The project uses a merged monitor-day dataset built from EPA AQS PM2.5 records, AQS weather summary files, and NOAA CDO API weather variables. The final analysis moves from descriptive exploration to prediction with Random Forest and XGBoost models.
Project Snapshot
What This Site Contains
- Interactive visualizations: three Plotly figures for the Homework 5 requirement, including a monitor map, monthly/seasonal PM2.5 distributions, and a weather relationship explorer.
- Written report: the full reproducible report with hidden code, cleaned tables, model comparisons, and interpretation.
- Download the report: PDF version of the written report.

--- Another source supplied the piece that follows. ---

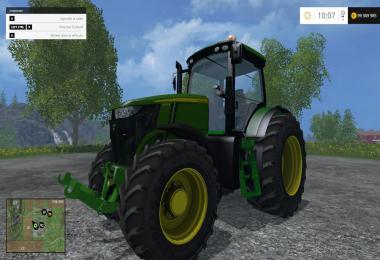 John Deere 7310R V1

- GitHub repository: source files, data, and website code(The final project code is under the folder final project).
Main Findings
PM2.5 levels vary strongly across space and season. The highest average concentrations in this dataset appear in Southern California and several large industrial or warm-climate metropolitan areas, while summer and winter show the clearest seasonal elevation. The July peaks are consistent with the wildfire-smoke interpretation discussed in the midterm, although this report treats wildfire influence as contextual evidence rather than a directly modeled variable.
The predictive models confirm that PM2.5 is not driven by one weather variable alone. Spatial location, time of year, temperature, wind, pressure, precipitation, and humidity all contribute. For continuous PM2.5 prediction, Random Forest and XGBoost are compared using RMSE, MAE, and R-squared. For high PM2.5 classification, the report focuses on recall, precision, F1, ROC-AUC, and PR-AUC because high-pollution days above 35 ug/m3 are rare.
Reproducibility
The website is rendered with Quarto and Python. All code chunks are hidden in the report output, but the source .qmd files contain the full analysis workflow. The main data file is pm25_weather_local_2024_2.0.csv in this project directory.